You'll also often see Tosi on morning shows like "Today" and "Good Morning America," late-night spots on the "Tonight Show with Jimmy Fallon" and "Late Night with Seth Myers," and everything in between, be it "Shark Tank" or "Nailed It!"

Tosi's husband has some culinary accolades himself

Food service is a family affair at the Tosi household. At least it has been since 2016, when Christina Tosi married restaurateur Will Guidara, who has a culinary resume almost as impressive as his wife's (via Martha Stewart).

Guidara is best known as the business partner and front-of-house counterpart of acclaimed chef Daniel Humm. Together, the pair owned one of the most renowned restaurant and bar empires on the globe. It most notably included New York City's Eleven Madison Park, a Michelin-starred restaurant once named the best in the world (via Eater). With Humm, Guidara also co-owned multiple locations of NoMad restaurant, NoMad bar, and the fast-casual restaurant Made Nice. 
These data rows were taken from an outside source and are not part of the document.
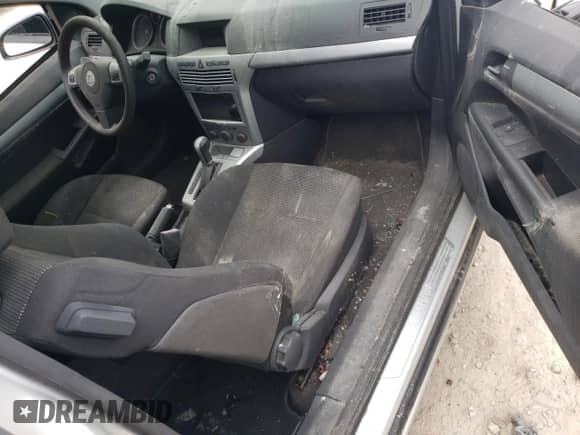 2008 Saturn Astra XR с VIN W08AT271X85039367, выставлен на аукционе Copart как лот 60029275 с пробегом Не указан миль и Чистый • Clean title. История ставок и продаж доступна на DreamBid. Изображение 8.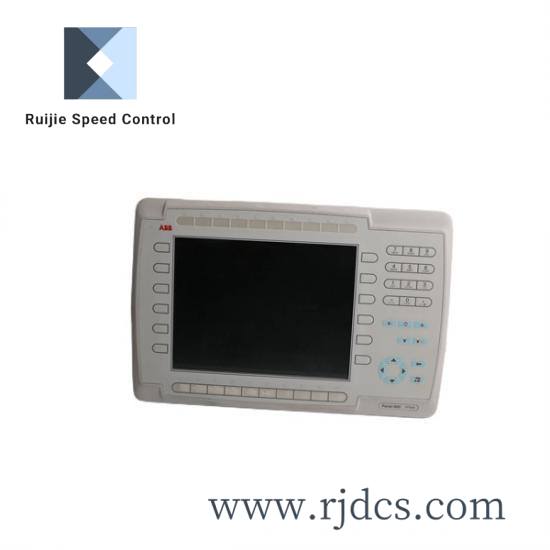 abb_cross_new-1.jpg UZUSHIO ELECTRIC UST-205A Industrial Control Module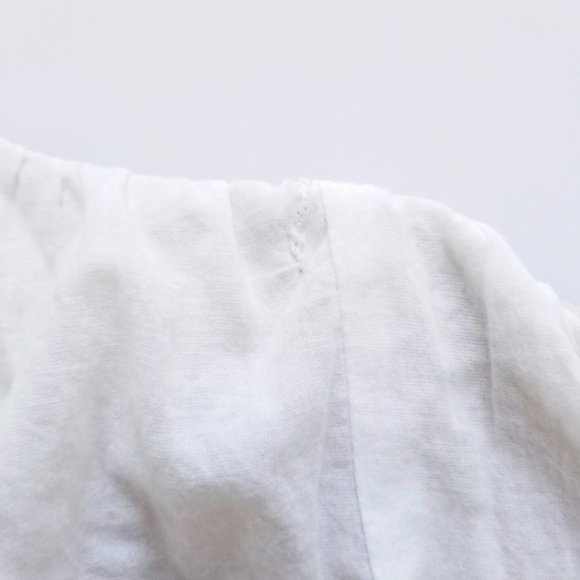 STONE COLD FOX | Marrakech White Lace Mini Dress 1 - Picture 13 of 16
In 2019, Humm bought Guidara out of the business and the two went separate ways. But Tosi's husband isn't getting out of the hospitality business. In March 2021, Eater reported that he was in contract to purchase Migdale Castle in upstate New York with plans of turning it into a luxury hotel featuring not one, but two restaurants (via Eater). And on the more personal side, People reports that Tosi and Guidara welcomed their first child in April 2021, a daughter named Francis "Frankie" Ray.
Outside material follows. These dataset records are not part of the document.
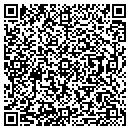 QR code with Thomas Davis contacts
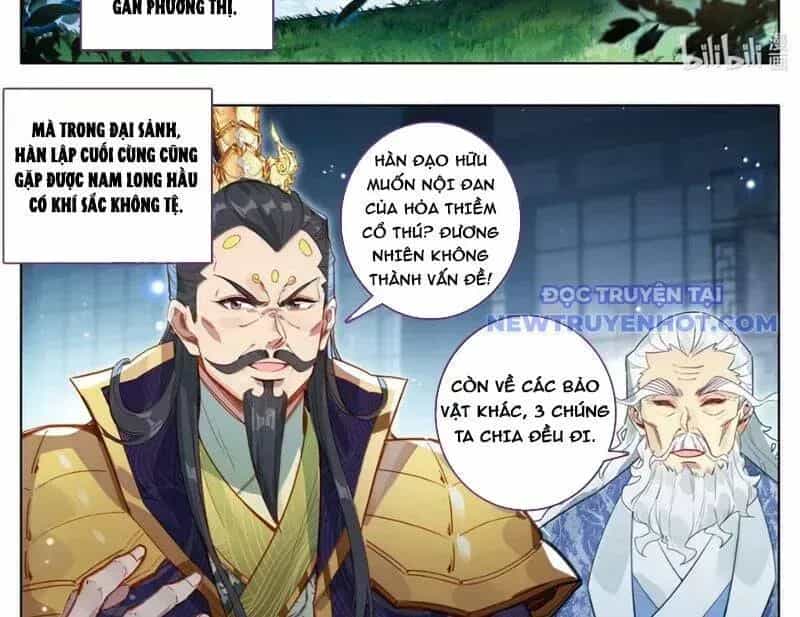 Phàm Nhân Tu Tiên - Chương 359.4 - ảnh 21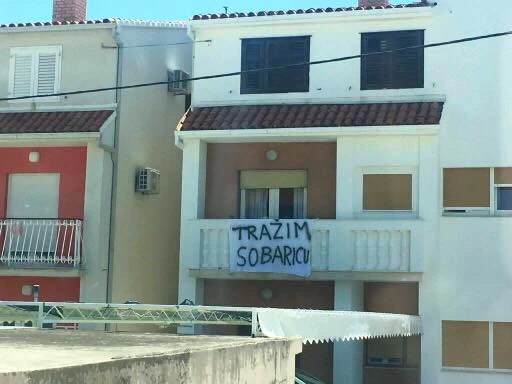 Ovo što se danas događa u Hrvatskoj prije koju godinu bilo je aktualno u Irskoj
Christina Tosi has earned serious acclaim

We know Christina Tosi's work has been greatly admired by the hungry public, but it's also been recognized by the culinary elite. Tosi has received some of the highest awards and honors in her field, most notably from the James Beard Foundation. In 2012, the organization named Tosi the Rising Chef of the Year. The award is given to a chef "30 or younger who displays an impressive talent and who is likely to have a significant impact on the industry in years to come." That prediction was proven true when, in 2015, she won the James Beard Award for Outstanding Pastry Chef. That same year, Food & Wine Magazine called Tosi one of the "Most Innovative Women in Food and Drink."
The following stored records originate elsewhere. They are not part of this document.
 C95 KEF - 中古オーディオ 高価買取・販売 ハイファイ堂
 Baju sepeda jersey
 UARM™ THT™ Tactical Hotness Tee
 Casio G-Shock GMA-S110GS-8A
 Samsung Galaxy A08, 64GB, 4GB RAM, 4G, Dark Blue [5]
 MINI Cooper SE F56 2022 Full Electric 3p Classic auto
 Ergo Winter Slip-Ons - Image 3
But, in a true sign of her massive influence, it's not just the food world appreciating Tosi. Her skills and entrepreneurial spirit have been recognized by the likes of The New York Times' T Magazine, which included her as one of its "Nifty 50" up-and-coming talents. In 2016, Crain's New York also named her one of its "40 Under 40." Two years later, Fortune magazine did the same. "She's building her own culinary kingdom with her 14-location Milk Bar chain," the outlet wrote. "With two James Beard awards, a third cookbook on the way, and a judging spot on various seasons of MasterChef, she's well on her way to building her own lifestyle brand."